More recently the Federal Circuit has attempted to clarify conflicts like that of Amazon--where the benefit of the presumption lies with the patentee, yet the burden of satisfying the requirements for obtaining an injunction also lies with the patentee. In Titan Tire Corp. v. Case New Holland, Inc., the plaintiff sought to enjoin Case New Holland's use of a design patent. (59) The trial court ruled that every factor favored granting an injunction--except the likelihood that Case New Holland's invalidity defense would succeed. (60) The trial court thus denied the preliminary injunction because Titan was unable to overcome Case New Holland's invalidity assertion. (61)

Regarding the question of how to utilize the presumption of validity in the context of a preliminary injunction squarely before the court, the Federal Circuit affirmed the trial court's ruling. (62) In analyzing the presumption's application, the court examined several different approaches to implementing the presumption in the context of a preliminary injunction. In a normal infringement and invalidity hearing, the presumption means that an accused infringer must prove invalidity by clear and convincing evidence. (63) If an accused infringer does not raise an invalidity claim, then the presumption means the patentee is likely to succeed on the validity issue. (64) However, if the infringer does challenge the patent's validity in a preliminary injunction hearing, then the court must accept evidence and determine whether the infringer raised a substantial question regarding the patent's validity. (65) The burden to produce evidence sufficient to demonstrate a likelihood of success always rests on the plaintiff. (66) So while the court describes the substantial question inquiry as "a useful way of initially evaluating the evidence," the inquiry does not transfer the burden to prove the likelihood of success onto the patent challenger. (67) Thus despite the presumption of validity, the patentee still bears the burden of proving each factor--such as the likelihood of success--in seeking a preliminary injunction. (68)

In contrast, the Eleventh Circuit in Schering-Plough found that the presumption granted the legal right to enjoin the defendants from using the patent until the defendants proved non-infringement. (69) In no other context does an alleged infringer bear the initial burden of proving non-infringement. (70)

In sum, courts stretch the presumption of validity too far when they use it to elide the issue of patent validity in antitrust cases.

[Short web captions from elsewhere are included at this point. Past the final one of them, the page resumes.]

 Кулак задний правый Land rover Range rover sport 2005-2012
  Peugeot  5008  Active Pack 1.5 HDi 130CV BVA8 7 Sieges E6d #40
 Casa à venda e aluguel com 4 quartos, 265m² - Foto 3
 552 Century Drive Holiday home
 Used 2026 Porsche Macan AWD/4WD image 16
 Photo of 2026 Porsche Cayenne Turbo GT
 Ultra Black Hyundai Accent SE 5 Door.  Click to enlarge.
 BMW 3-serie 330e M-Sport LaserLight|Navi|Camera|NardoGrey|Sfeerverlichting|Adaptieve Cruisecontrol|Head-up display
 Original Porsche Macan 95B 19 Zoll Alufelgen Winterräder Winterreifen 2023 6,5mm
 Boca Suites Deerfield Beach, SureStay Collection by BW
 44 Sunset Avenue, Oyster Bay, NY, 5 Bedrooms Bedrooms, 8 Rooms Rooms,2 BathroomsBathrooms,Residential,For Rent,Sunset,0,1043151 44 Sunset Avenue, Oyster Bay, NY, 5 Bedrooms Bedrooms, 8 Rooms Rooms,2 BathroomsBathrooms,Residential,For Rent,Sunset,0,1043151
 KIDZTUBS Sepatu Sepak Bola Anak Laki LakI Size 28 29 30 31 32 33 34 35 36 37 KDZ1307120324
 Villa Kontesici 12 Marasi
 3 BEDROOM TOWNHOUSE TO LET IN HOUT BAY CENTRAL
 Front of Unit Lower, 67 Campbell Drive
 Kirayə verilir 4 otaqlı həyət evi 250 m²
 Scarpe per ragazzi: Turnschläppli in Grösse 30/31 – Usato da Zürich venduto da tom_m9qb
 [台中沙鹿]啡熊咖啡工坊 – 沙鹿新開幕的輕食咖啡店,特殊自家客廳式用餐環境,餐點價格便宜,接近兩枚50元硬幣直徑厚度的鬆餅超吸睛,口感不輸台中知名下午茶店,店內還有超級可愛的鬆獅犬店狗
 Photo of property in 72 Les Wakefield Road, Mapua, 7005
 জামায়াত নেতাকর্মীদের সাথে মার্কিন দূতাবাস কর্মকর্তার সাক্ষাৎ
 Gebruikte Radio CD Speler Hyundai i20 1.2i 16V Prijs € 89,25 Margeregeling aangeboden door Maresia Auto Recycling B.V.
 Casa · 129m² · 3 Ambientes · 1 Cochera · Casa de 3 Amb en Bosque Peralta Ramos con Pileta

While raising a high burden during an invalidity trial, the presumption diminishes in strength when confronted with conflicting burdens of persuasion, such as during a preliminary injunction evaluation. This demonstrates that patent rights, while safeguarded by the courts, do not trump all other considerations.

B. Changes in Patent Law Suggest That Less Deference Should Be Given to the Incontestability of Patent Rights

While some lower courts have been reluctant to examine a patent's validity partially due to concerns about weakening patent rights, the Supreme Court has been chipping away at patent rights for nearly a decade. The overarching message has been that patents, while an important part of the economy, are still subject to general principles of law71--such as avoidance of competitive harms. In light of the Supreme Court's recent precedents, courts should consider factors beyond the protection of patent rights when deciding an antitrust case centered on patents.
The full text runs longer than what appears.